Task brief =>
Return the data below in full and exactly, except that the pictures are dropped.

Excerpted data =>
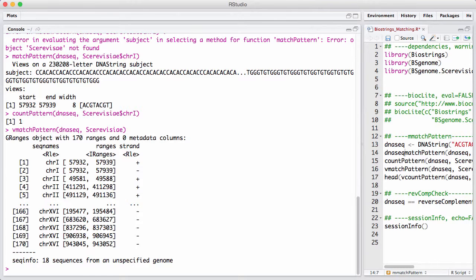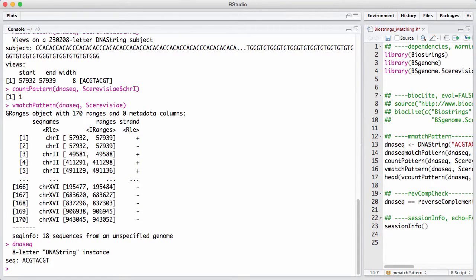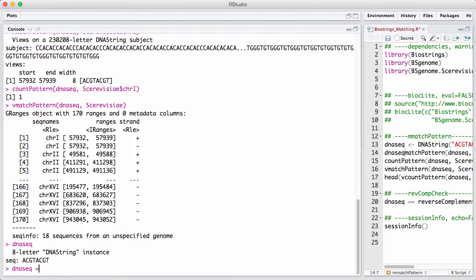Secondly, we see in the output that for every hit on the forward strand, we have a hit on the reverse strand, and that seems a little weird. That turns out because we have a weird sequence. The DNA sequence we are searching for turns out to be its own reverse complement.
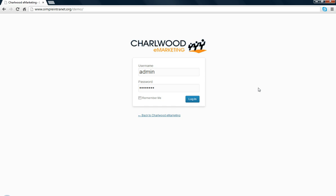Okay, this is a demo for Simple Intranet, our WordPress plugin. This demo is going to focus on the employee directory side of the WordPress plugin. You'll see I've got a login screen here, which is customized with a logo.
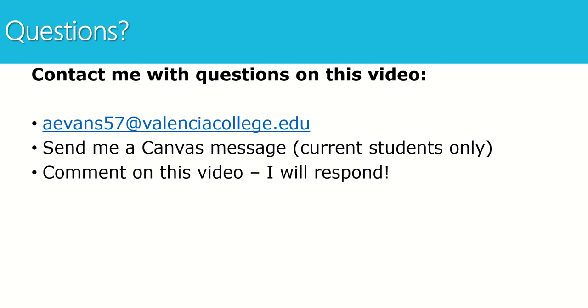That's it for this first video. If you have questions, you can contact me by emailing me using my Valencia College email address shown on the screen. If you are one of my current students, you can go into Canvas and send me a message or you can place a comment on this video and I will respond.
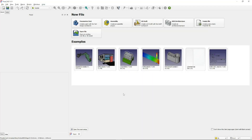Hello everyone, today we are going to learn a basic FreeCAD tutorial on how to create a simple 3D clamp with parametric tools.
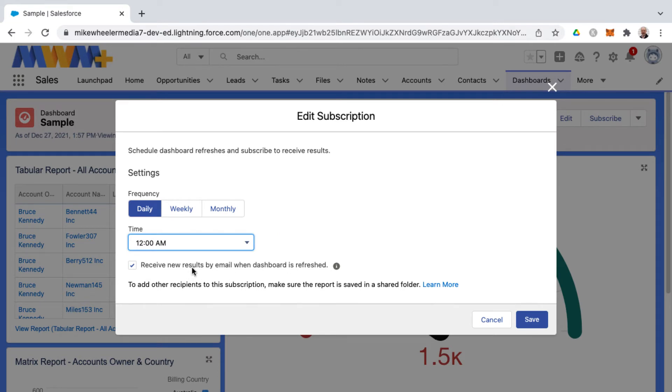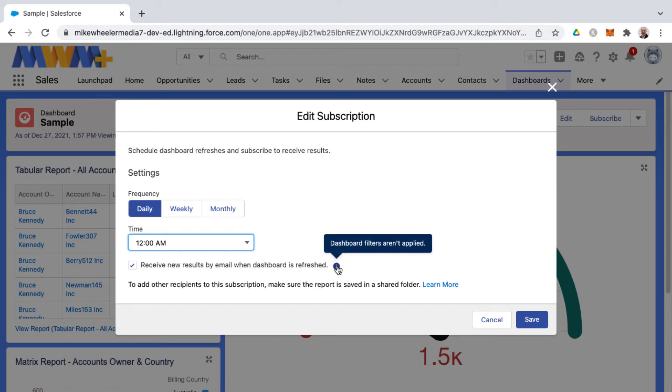And you can receive new emails to be emailed to you with the results of that dashboard refresh by checking this checkbox here.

Reply to the exercise =>
Secondly, we see in the output that for every hit on the forward strand, we have a hit on the reverse strand, and that seems a little weird. That turns out because we have a weird sequence. The DNA sequence we are searching for turns out to be its own reverse complement.
Okay, this is a demo for Simple Intranet, our WordPress plugin. This demo is going to focus on the employee directory side of the WordPress plugin. You'll see I've got a login screen here, which is customized with a logo.
That's it for this first video. If you have questions, you can contact me by emailing me using my Valencia College email address shown on the screen. If you are one of my current students, you can go into Canvas and send me a message or you can place a comment on this video and I will respond.
Hello everyone, today we are going to learn a basic FreeCAD tutorial on how to create a simple 3D clamp with parametric tools.
And you can receive new emails to be emailed to you with the results of that dashboard refresh by checking this checkbox here.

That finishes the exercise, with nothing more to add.